The callback is passed a structure which contains the location within the CDB database that contains the key and value. The keys and values are not presented in any specific order and the order should not be expected to stay the same between calls.
To read either a key or a value you must call "cdb_seek" before calling "cdb_read" yourself.
Passing in NULL is allowed and is not a No-Operation, it can be used to effectively check the integrity of the database.
- cdb_read_word_pair
To be used on a database opened up in read-mode only. This function is a helper function that strictly does not need to exist, it is used for reading two "cdb_word_t" values from the database. This can be useful for the library user for more detailed analysis of the database than would normally be possible, many values within the database are stored as two "cdb_word_t" values. Looking inside this read-only database is not discouraged and the file format is well documented.
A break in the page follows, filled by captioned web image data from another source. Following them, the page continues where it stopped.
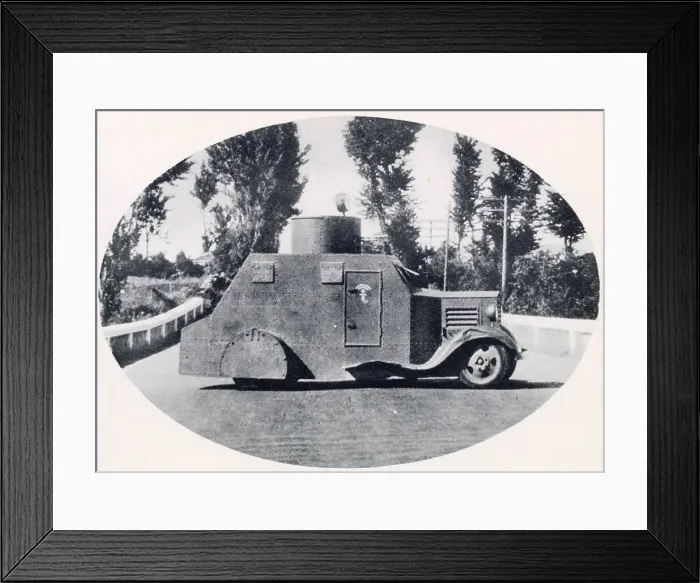 Framed Print : Republican armoured car, used in the defence of Madrid, early in the Spanish Civil War. Date: 1936 Framed Print : Republican armoured car, used in the defence of Madrid, early in the Spanish Civil War. Date: 1936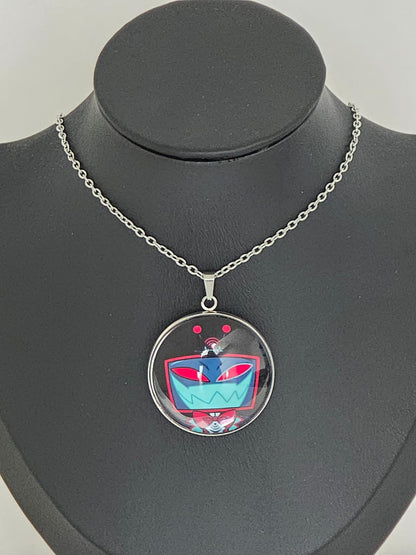 Hazbin Hotel Inspired Vox 30mm Pendant Stainless Steel 20 Inch Necklace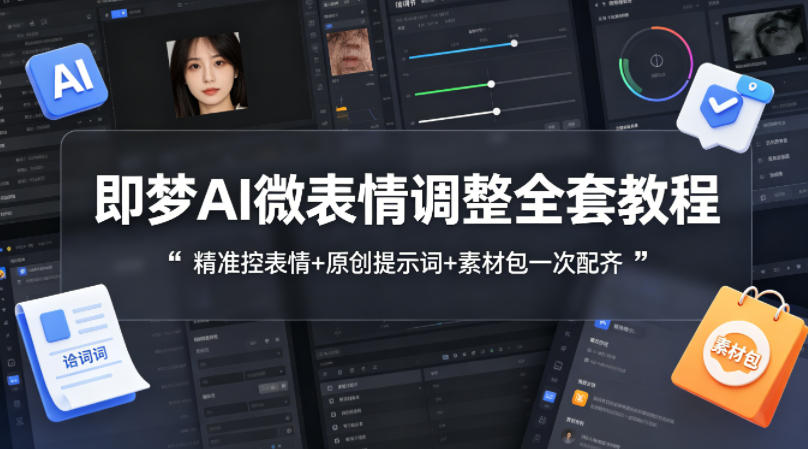 即梦AI微表情调整全套教程，精准控表情+原创提示词+素材包一次配齐-选优云网创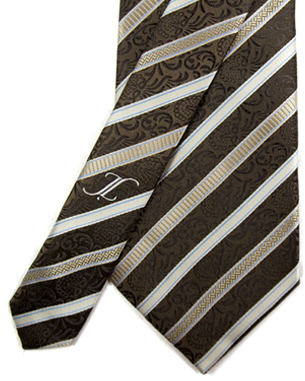 Serious Sums Tie in Brown/Dark Khaki/Light Khaki/Light Blue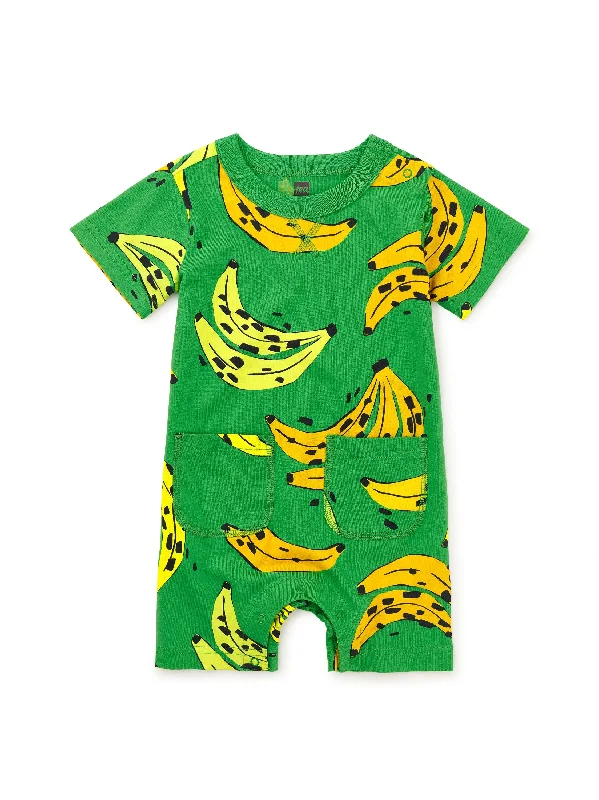 Women's Velvet One - Pieces in Emerald Green for a Luxurious and Sophisticated OccasionDouble Pocket Shortie Baby Romper - Leopard Spot Bananas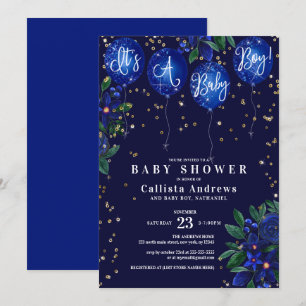 Het is een jongen Glitter Balloons Floral Baby sho Kaart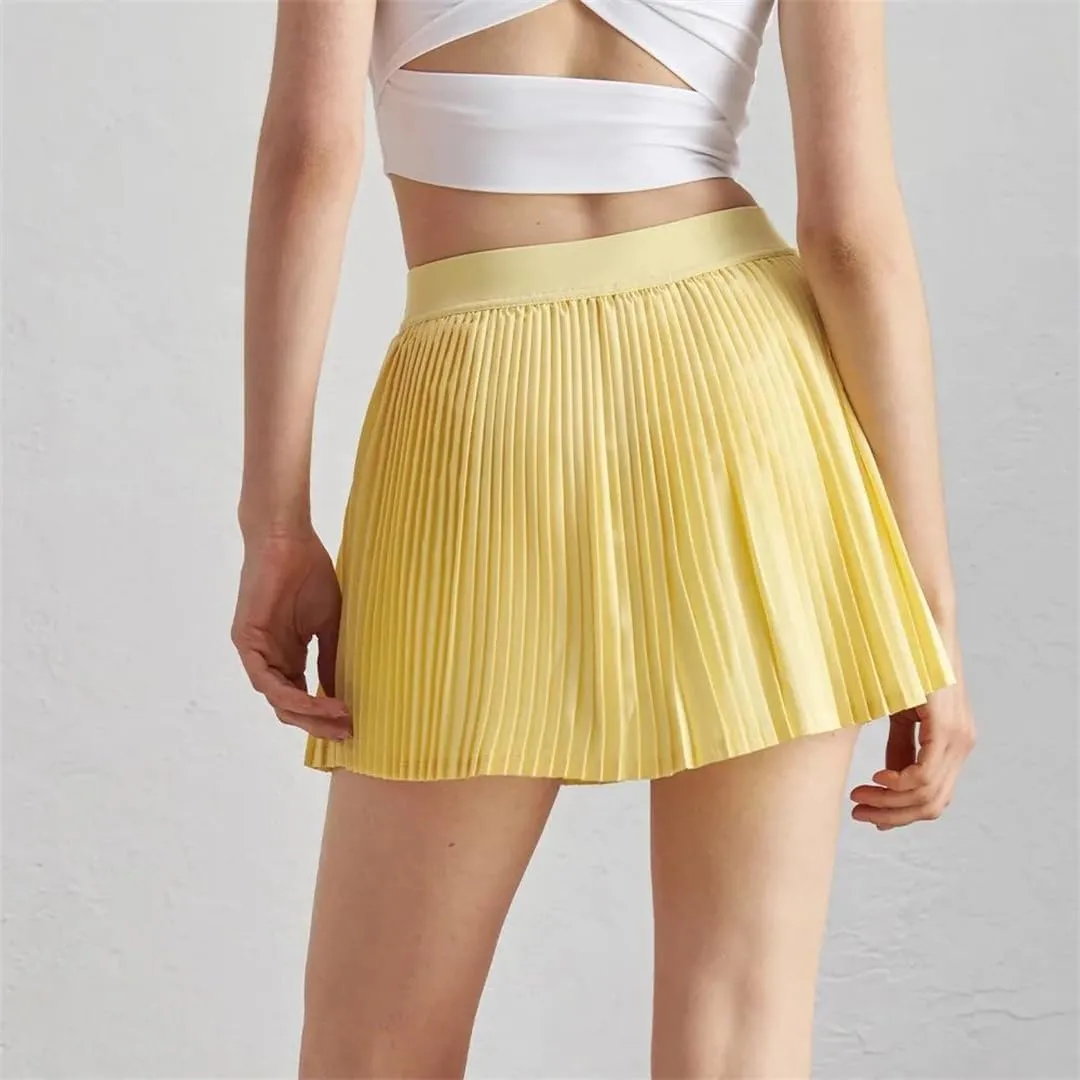 Tennis Pleated Skirts with Inner Lining Women High Waist Double Layer Sport Stretchy Skirts Fitness Golf Skorts with Pockets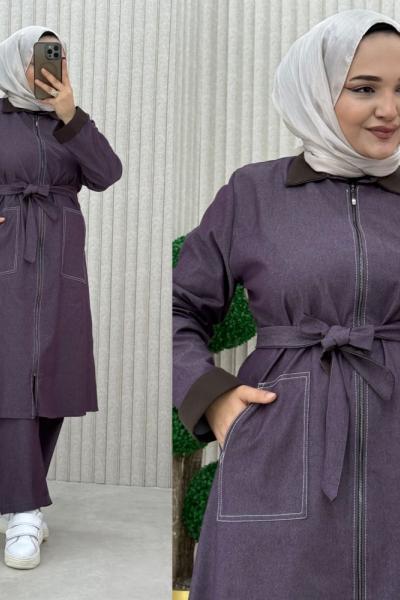 Lili Pantolonlu Takım Lila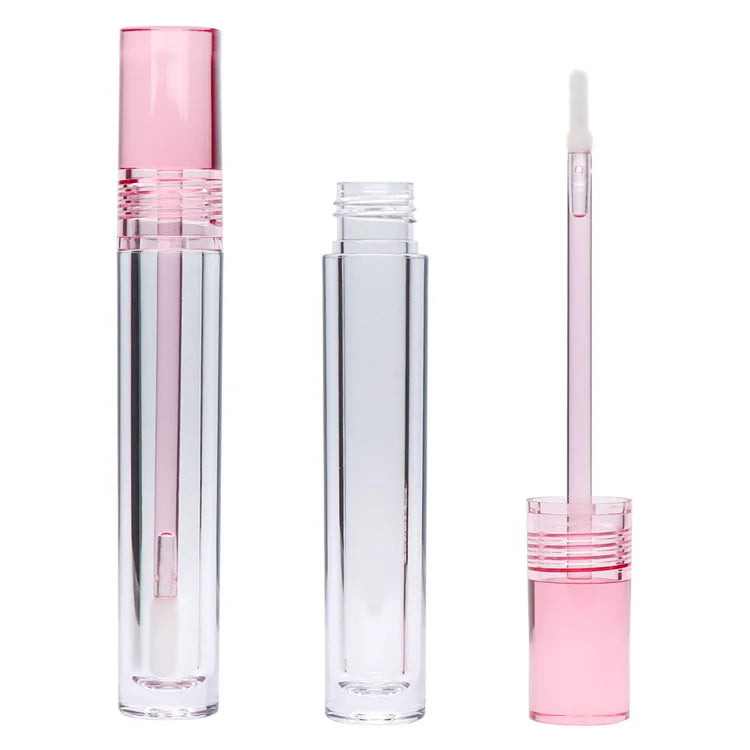 Empty Lip Tint Oil Bottle Liquid Lipstick Packaging Container Silicone Brush 5.5ML PETG Transparent Pink Lip Gloss Wand Tube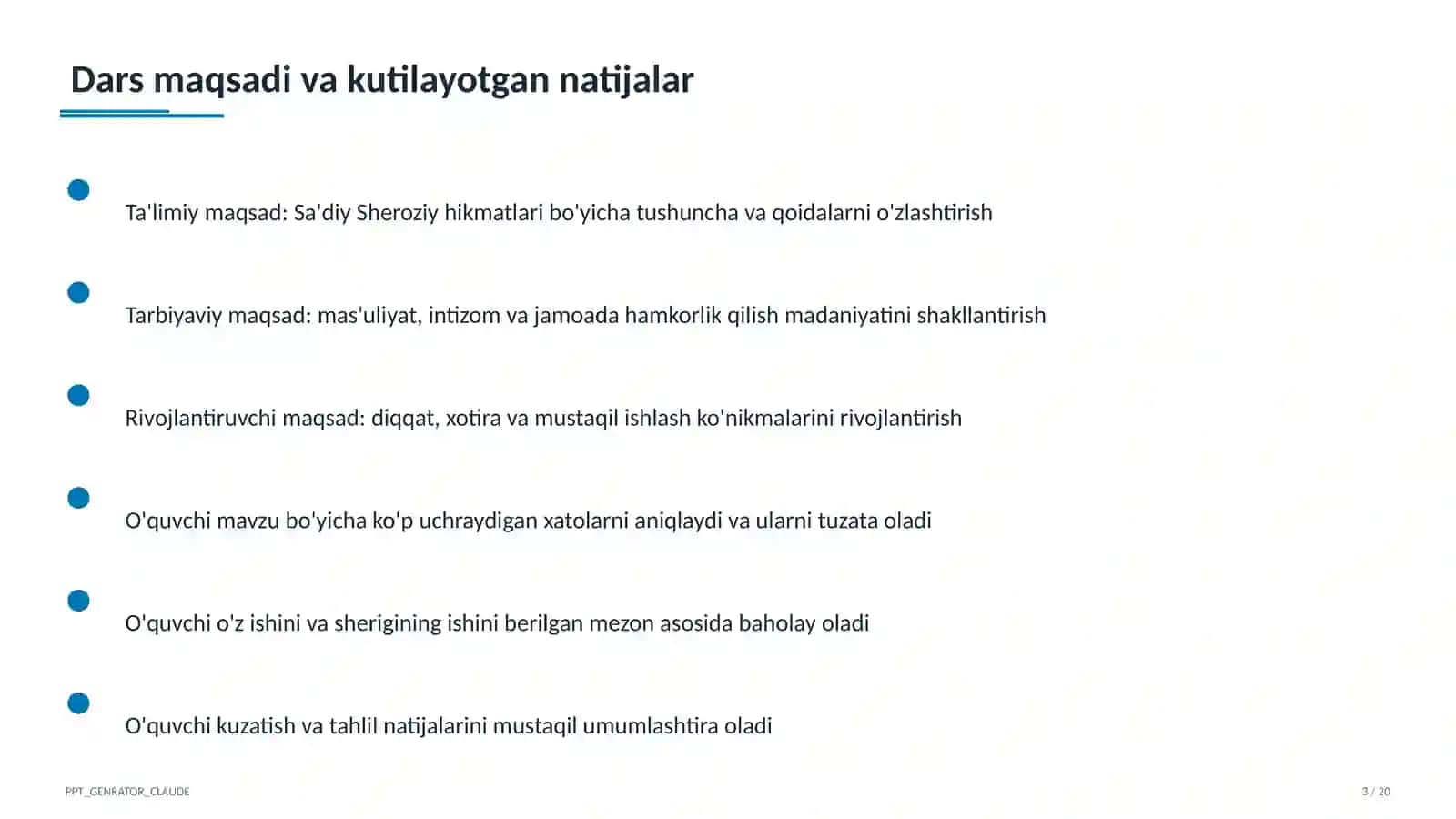 Sa'diy Sheroziy hikmatlari (6-sinf) 3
This function does not call "cdb_seek", that must be called before hand to seek to the desired file location. The file position will be updated to point after the two read values.
- cdb_get
This function populates the "value" structure if the "key" is found within the CDB database. The members of "value" will be set to zero if a key is not found, if it is found the position will be non-zero, although the length may be zero.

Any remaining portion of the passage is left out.